The mission of the UAJS is to coordinate efforts of the scholars resident in Ukraine and abroad, aimed at the development of research on history, languages, art and other aspects of Jewish life in Ukraine and worldwide. There are two membership categories, Full membership and Student membership. The UAJS’ Articles of Association allows membership for foreign academicians.

Current UAJS President is Vitaly Chernoivanenko, PhD, Associate Professor in the History Department at the National University of Kyiv-Mohyla Academy (NaUKMA), the Vice President is Oleksiy Khamray, Dr. hab. in Philology, Director of the Near and Middle East Department at the Ahatanhel Krymskyi Institute of Oriental Studies of the National Academy of Sciences of Ukraine. Secretary of the UAJS is Serhiy Hirik, PhD in history, Senior Research Fellow at the State Research Institution "Encyclopedia Press".

== Activity ==
Practical activity of the UAJS includes the organization of the academic conferences, roundtables, workshops, public talks, and mini courses on Jewish Studies.

The UAJS publishes an annual academic journal Judaica Ukrainica, established in 2012. The UAJS also is a publisher of “Library of Judaica Ukrainica journal”.

The Ukrainian Association for Jewish Studies co-administers the MA in Jewish Studies Program at the National University of Kyiv Mohyla Academy (founded in 2012).

The organization cooperates with a number of academic and educational institutions and non-governmental organizations from Ukraine and abroad: National University of Kyiv-Mohyla Academy, Ukrainian Catholic University, Institute of Jewish Studies of the Jagiellonian University, Hebrew University of Jerusalem, Université de Montréal, Jewish Theological Seminary of America, United States Holocaust Memorial Museum, Ukrainian Jewish Encounter Initiative, Nadav Foundation, Vaad of Ukraine, European Association for Jewish Studies, World Union of Jewish Studies etc. In cooperation with its partner institutions, the UAJS acts as a co-organizer of academic events in educational and research institutions of Ukraine.

In 2015–2016 academic year, in partnership with the Institute for the Study of Global Antisemitism and Policy (Canada–USA), the UAJS organized at the NaUKMA the series of public lectures and discussions "Contemporary Antisemitism in Ukraine and Worldwide" by well known researchers, public figures and journalists from Ukraine and abroad: Yaroslav Hrytsak, Yosyf Zisels, Vakhtang Kipiani, Taras Voznyak, Vitaly Portnikov etc.

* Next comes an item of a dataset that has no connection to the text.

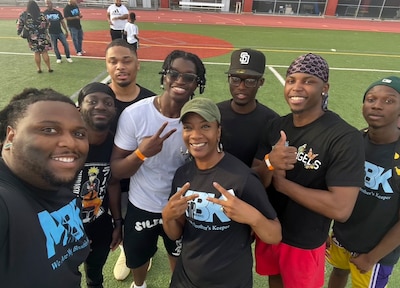 A group of students and a teacher pose for a photo on a football field.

In October 2017, the Ukrainian Association for Jewish Studies and the NaUKMA's Master Program in Jewish Studies with the support of the European Association for Jewish Studies organized the International conference “Ukrainian Jews: Revolution and Post-Revolutionary Modernization. Policy, Culture, and Society”, dedicated to the destiny of Ukrainian Jews during 1917–1920s. The event brought together the scholars from Ukraine, Austria, Germany, Hungary, Israel, the UK, the USA.

In October 2018, the UAJS has organized the international conference "Modern Israel: From State in Construction to State Facing Challenges" on occasion of the 70th anniversary of the State of Israel. The researchers from Canada, the US, Germany, Israel, Poland, Sweden, the UK, and Ukraine participated in this event. The topics of the history of Israel and Zionism, relations between Israel and another countries, Israeli society and culture etc. were discussed during the conference. The event was supported by the Nadav Foundation, the European Association of Israel Studies and the Masoret Kiev community.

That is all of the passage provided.